America is adrift from a rise of “Fisters”, that is to say “America Fisters“.
An “Aryan fist” is used by white supremacists such as neo-Nazis globally and the Ku Klux Klan in the United States. For example, the right-wing terrorist mass murderer Anders Behring Breivik saluted with a raised fist in court in Oslo in 2012.

The return of the “America First” ideology—a nativist hate group of the 1800s, better known as the KKK—has abruptly created a federal leadership vacuum swarming with raised fists. The contemporary usage has once again raised concerns about its inherently nationalist rhetoric. Critics argue that the slogan implicitly positions some Americans as more authentically “American” than others, intentionally weaponizing the labels of African American, Asian American, Hispanic American, Muslim American… anything that would acknowledge both a race, religion or cultural heritage with an American identity.

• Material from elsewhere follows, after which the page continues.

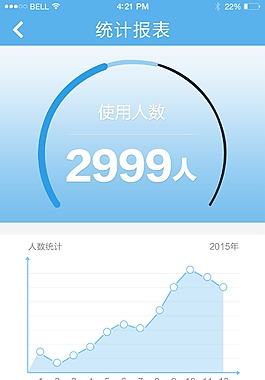 手机APP统计界面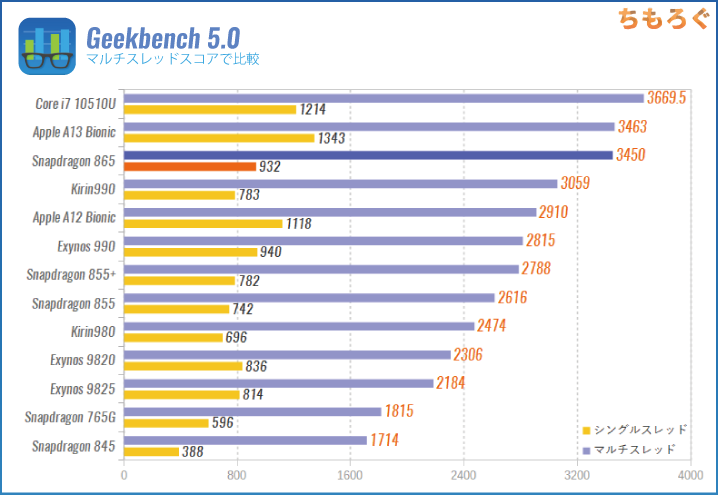 Snapdragon 865の性能：Geekbench 5.0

Framing of “America” having to be first, then labeling non-whites of America as always second, drives historical hierarchies to deny America embracing the truth of multicultural composition.
As their always divisive rhetoric gains ground like it’s 1836 again (eve of Andrew Jackson’s moral and economic collapse sending America into depression and then Civil War), we’re witnessing the same destructive patterns that periodically threaten American unity. Over a century after General Grant destroyed them on the battle field, and next destroyed them at the voting booth as President Grant, we can clearly see Trump is bringing the KKK back.

But there’s a modern counterforce hidden in plain sight, which should be familiar to most people today—Fred Rogers. Not just the digestible Daniel Tiger most remember spun out of his era of troubled times, but also the deeply principled American hero as community-builder detailed in Michael Long’s “Peaceful Neighbor.” Rogers wasn’t creating mere entertainment; he was using entertainment as a vessel to offer a clear superior outcome.
“Only people who take the time to see our work can begin to understand the depth of it.” This is the invitation of Peaceful Neighbor, to see and understand Rogers’s convictions and their expression through his program. Mister Rogers’ Neighborhood, it turns out, is far from sappy, sentimental, and shallow; it’s a sharp political response to a civil and political society poised to kill.
While the old white supremacist nativists exploit fear of the other and destroy anything diverting from their fictional vision of self, Rogers long ago demonstrated how to build genuine connection across necessary and fruitful differences.